Not gonna argue with that, but the price is including Singapore's GST. If you visit Singapore and buy the chip to use overseas, you can get a refund on the 7% tax.


----------



## Aquinus (Nov 1, 2012)

btarunr said:


> The fastest Xeon E5-series chip based on this silicon, with 8-cores maintains 130W with 2.70 GHz core clock.



Someone is forgetting about the Xeon E5-2687W. 3.1Ghz, 3.8Ghz turbo, 8C, 150 Watt TDP.

http://ark.intel.com/products/64582...5-2687W-20M-Cache-3_10-GHz-8_00-GTs-Intel-QPI

I also find that the 10Mb L3 is a nice perk with the 3820.


----------



## eidairaman1 (Nov 1, 2012)

trickson said:


> Too rich for my blood.

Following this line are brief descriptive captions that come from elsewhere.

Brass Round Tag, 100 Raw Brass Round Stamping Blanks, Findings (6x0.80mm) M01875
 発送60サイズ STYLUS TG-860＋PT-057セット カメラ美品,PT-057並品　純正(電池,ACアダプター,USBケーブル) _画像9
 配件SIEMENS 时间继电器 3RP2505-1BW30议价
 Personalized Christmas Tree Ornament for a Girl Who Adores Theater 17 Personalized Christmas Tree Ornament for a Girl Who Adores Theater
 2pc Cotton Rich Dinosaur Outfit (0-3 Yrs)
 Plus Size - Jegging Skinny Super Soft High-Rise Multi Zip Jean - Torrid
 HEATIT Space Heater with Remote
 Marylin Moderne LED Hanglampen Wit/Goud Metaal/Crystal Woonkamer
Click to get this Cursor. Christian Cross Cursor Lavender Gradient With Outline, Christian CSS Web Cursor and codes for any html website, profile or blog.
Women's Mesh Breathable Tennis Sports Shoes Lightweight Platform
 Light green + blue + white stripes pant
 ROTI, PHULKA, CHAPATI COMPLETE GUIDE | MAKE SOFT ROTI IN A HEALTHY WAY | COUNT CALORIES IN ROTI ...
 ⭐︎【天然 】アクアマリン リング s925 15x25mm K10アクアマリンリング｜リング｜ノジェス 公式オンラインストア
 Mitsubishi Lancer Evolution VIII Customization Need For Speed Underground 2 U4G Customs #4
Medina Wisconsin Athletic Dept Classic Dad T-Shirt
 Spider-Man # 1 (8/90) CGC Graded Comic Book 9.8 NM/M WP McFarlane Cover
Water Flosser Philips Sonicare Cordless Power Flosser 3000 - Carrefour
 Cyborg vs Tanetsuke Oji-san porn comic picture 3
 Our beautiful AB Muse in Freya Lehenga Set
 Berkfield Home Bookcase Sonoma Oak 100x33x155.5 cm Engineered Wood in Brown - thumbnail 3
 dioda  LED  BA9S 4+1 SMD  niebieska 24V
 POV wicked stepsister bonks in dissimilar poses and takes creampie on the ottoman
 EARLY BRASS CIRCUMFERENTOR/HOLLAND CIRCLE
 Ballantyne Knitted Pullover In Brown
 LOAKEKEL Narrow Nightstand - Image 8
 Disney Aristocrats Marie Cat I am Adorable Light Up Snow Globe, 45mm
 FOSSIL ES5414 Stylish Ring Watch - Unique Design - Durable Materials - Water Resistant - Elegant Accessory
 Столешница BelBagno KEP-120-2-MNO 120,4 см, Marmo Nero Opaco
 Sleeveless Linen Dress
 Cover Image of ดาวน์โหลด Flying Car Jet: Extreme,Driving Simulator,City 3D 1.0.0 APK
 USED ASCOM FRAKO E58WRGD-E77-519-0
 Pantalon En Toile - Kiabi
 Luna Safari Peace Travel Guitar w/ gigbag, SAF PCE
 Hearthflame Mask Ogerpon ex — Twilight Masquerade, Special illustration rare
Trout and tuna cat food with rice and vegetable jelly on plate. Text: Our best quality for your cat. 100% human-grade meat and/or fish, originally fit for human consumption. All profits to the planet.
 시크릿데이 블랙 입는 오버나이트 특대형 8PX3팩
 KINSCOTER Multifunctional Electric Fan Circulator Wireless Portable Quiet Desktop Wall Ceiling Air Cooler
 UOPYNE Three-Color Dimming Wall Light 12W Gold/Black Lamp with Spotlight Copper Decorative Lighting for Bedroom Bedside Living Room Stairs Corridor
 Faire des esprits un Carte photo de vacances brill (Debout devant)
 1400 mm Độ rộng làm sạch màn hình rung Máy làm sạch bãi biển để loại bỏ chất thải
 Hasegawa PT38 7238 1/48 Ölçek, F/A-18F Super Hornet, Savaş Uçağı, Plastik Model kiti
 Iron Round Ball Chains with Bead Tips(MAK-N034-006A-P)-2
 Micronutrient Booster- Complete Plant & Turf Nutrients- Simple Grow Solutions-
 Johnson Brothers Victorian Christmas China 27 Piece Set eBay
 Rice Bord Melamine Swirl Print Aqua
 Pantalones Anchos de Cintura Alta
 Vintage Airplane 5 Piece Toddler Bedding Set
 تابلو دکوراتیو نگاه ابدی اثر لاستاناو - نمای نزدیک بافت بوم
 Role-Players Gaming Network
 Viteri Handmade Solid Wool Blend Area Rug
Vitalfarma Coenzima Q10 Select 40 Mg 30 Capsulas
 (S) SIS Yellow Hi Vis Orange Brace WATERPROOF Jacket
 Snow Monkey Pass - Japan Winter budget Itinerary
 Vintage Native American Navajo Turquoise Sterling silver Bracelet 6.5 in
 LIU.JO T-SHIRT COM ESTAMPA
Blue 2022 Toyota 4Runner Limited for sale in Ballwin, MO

Nice chip just way too much money! I can buy a car for that!



Not bad but This is to be replaced next year by IVB-E already


----------



## Melvis (Nov 1, 2012)

150w??  and people are complaining about 8 core PD at 125w, seriously?


----------



## cadaveca (Nov 1, 2012)

Melvis said:


> 150w??  and people are complaining about 8 core PD at 125w, seriously?






Most people OC far above that. THAT is why it's an issue. Far different to start at 77W than to start @ 150 W...


I'm tempted to try to get a sample, but at 150W, I dunno.

4.0 GHz turbo clocks though...yeah, I'mma gonna ask for one. 


Because my current 3960X @ 5.0 GHz is too damn slow.


----------



## Melvis (Nov 1, 2012)

cadaveca said:


> Most people OC far above that. THAT is why it's an issue. Far different to start at 77W than to start @ 150 W...
> 
> 
> I'm tempted to try to get a sample, but at 150W, I dunno.
> ...



I can understand that for OC, but most people dont and honestly its a 6core CPU thats at 150w? in my eyes that pretty dam high considering AMD's 8 core dont ya think?


----------



## dude12564 (Nov 1, 2012)

Melvis said:


> I can understand that for OC, but most people dont and honestly its a 6core CPU thats at 150w? in my eyes that pretty dam high considering AMD's 8 core dont ya think?



I think they tend to overestimate the TDP in some cases - like the FX-4170 with a tdp of 125W.


----------



## cadaveca (Nov 1, 2012)

Melvis said:


> I can understand that for OC, but most people dont and honestly its a 6core CPU thats at 150w? in my eyes that pretty dam high considering AMD's 8 core dont ya think?





dude12564 said:


> I think they tend to overestimate the TDP in some cases - like the FX-4170 with a tdp of 125W.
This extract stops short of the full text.